TASK REQUIREMENTS ▸ All the data below goes into the copy word for word, but the pictures don't.

--- RECORDS PROVIDED Enclosed Below ---

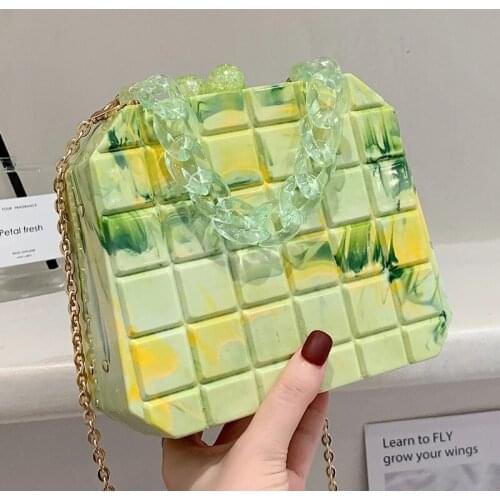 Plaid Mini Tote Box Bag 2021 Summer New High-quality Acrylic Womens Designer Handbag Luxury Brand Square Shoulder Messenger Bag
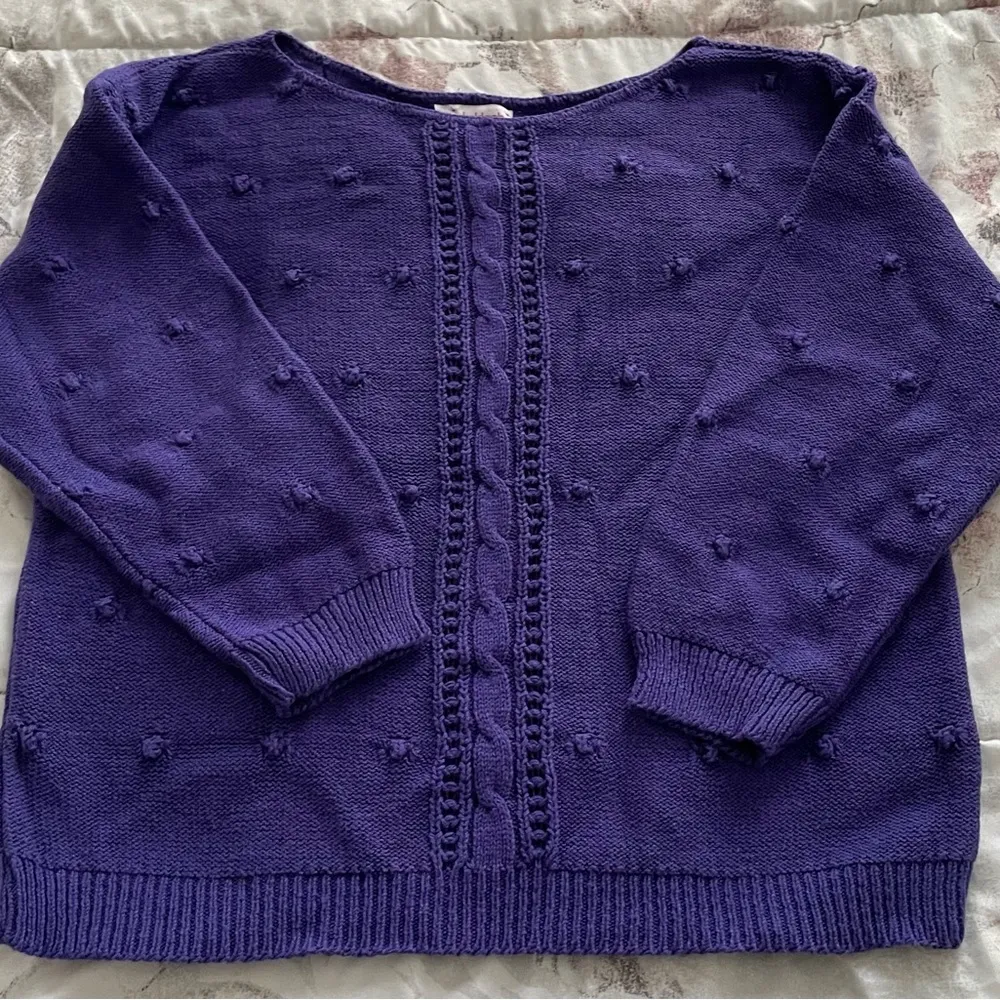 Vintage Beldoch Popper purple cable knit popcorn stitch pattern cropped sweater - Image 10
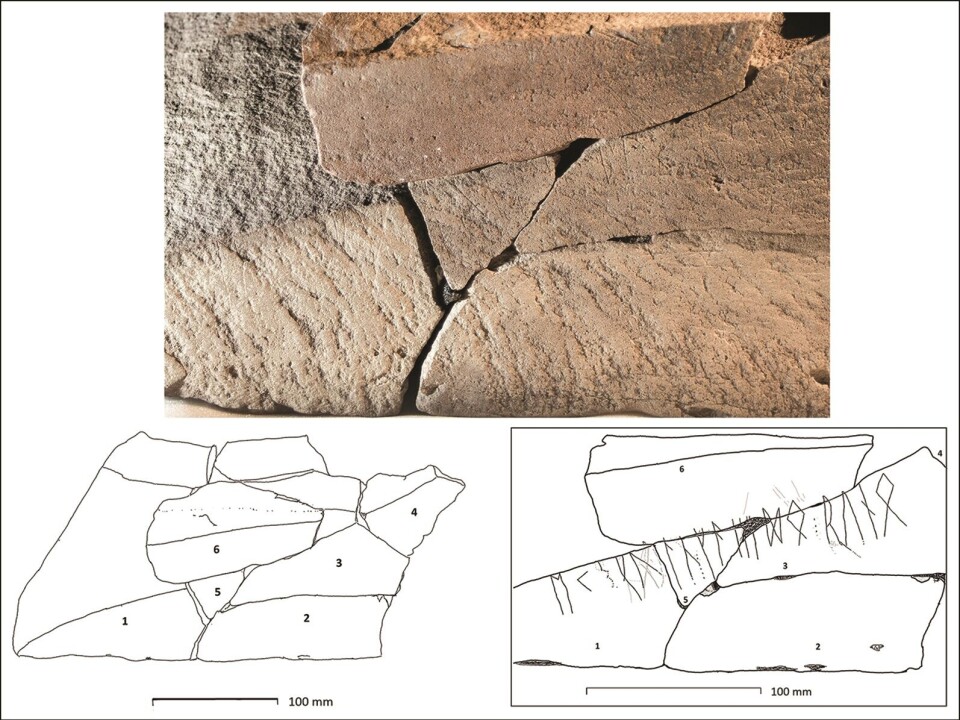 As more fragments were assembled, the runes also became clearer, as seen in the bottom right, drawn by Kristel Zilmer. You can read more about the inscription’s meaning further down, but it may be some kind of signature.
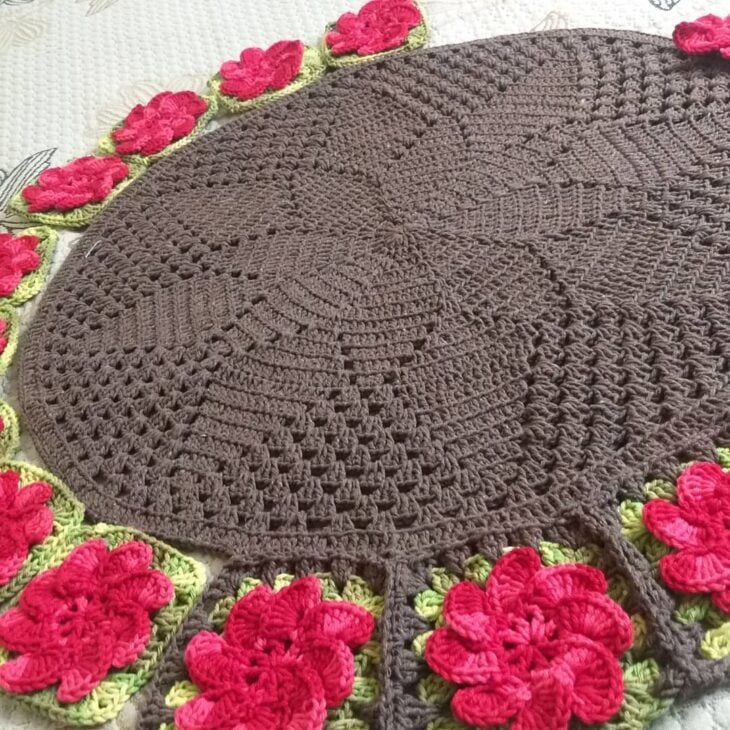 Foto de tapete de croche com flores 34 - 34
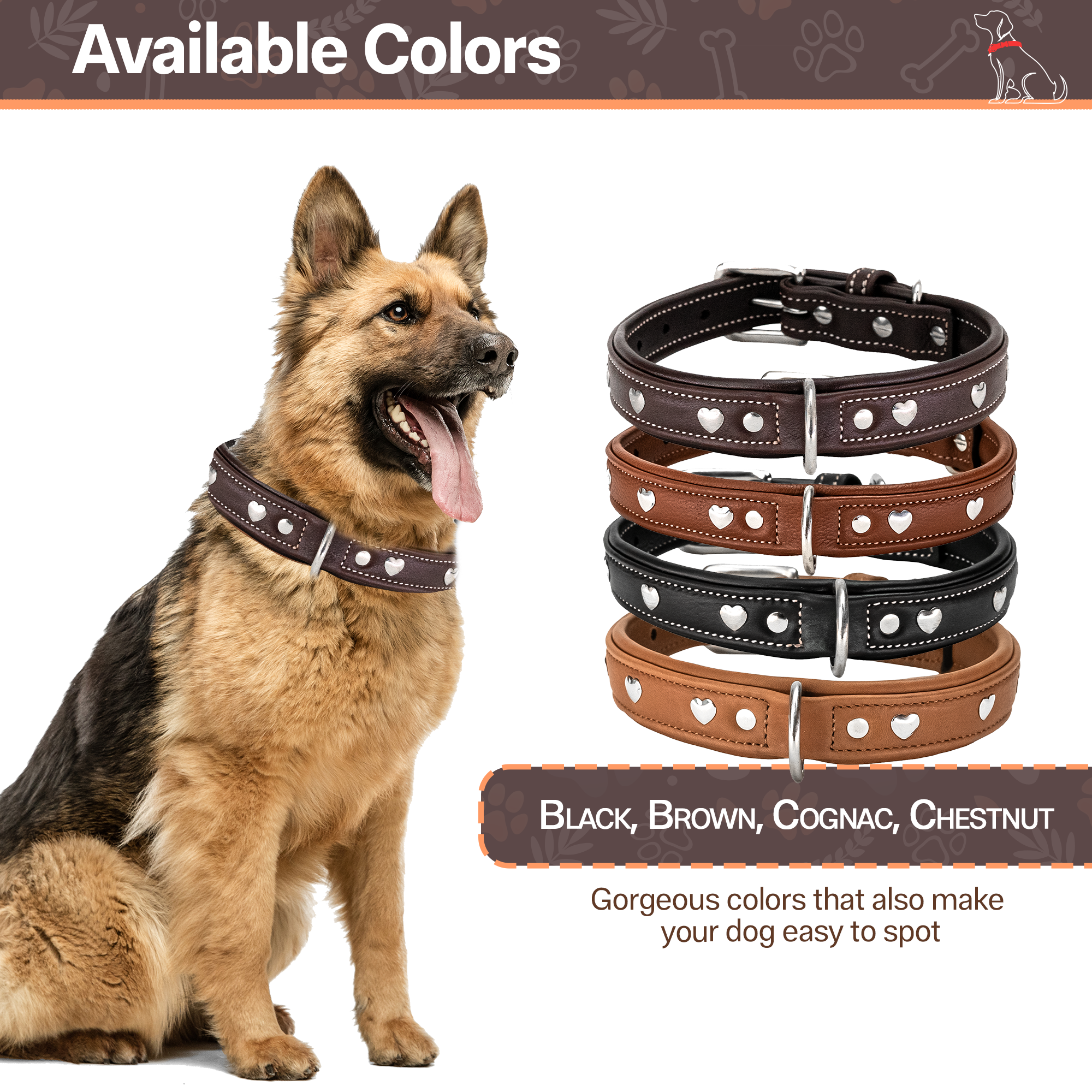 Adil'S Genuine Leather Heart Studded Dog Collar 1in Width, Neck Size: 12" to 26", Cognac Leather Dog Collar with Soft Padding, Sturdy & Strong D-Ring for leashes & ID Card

--- End of Enclosed RECORDS PROVIDED ---

PROBLEM SOLUTION ▸
 Plaid Mini Tote Box Bag 2021 Summer New High-quality Acrylic Womens Designer Handbag Luxury Brand Square Shoulder Messenger Bag
 Vintage Beldoch Popper purple cable knit popcorn stitch pattern cropped sweater - Image 10
 As more fragments were assembled, the runes also became clearer, as seen in the bottom right, drawn by Kristel Zilmer. You can read more about the inscription’s meaning further down, but it may be some kind of signature.
 Foto de tapete de croche com flores 34 - 34
 Adil'S Genuine Leather Heart Studded Dog Collar 1in Width, Neck Size: 12" to 26", Cognac Leather Dog Collar with Soft Padding, Sturdy & Strong D-Ring for leashes & ID Card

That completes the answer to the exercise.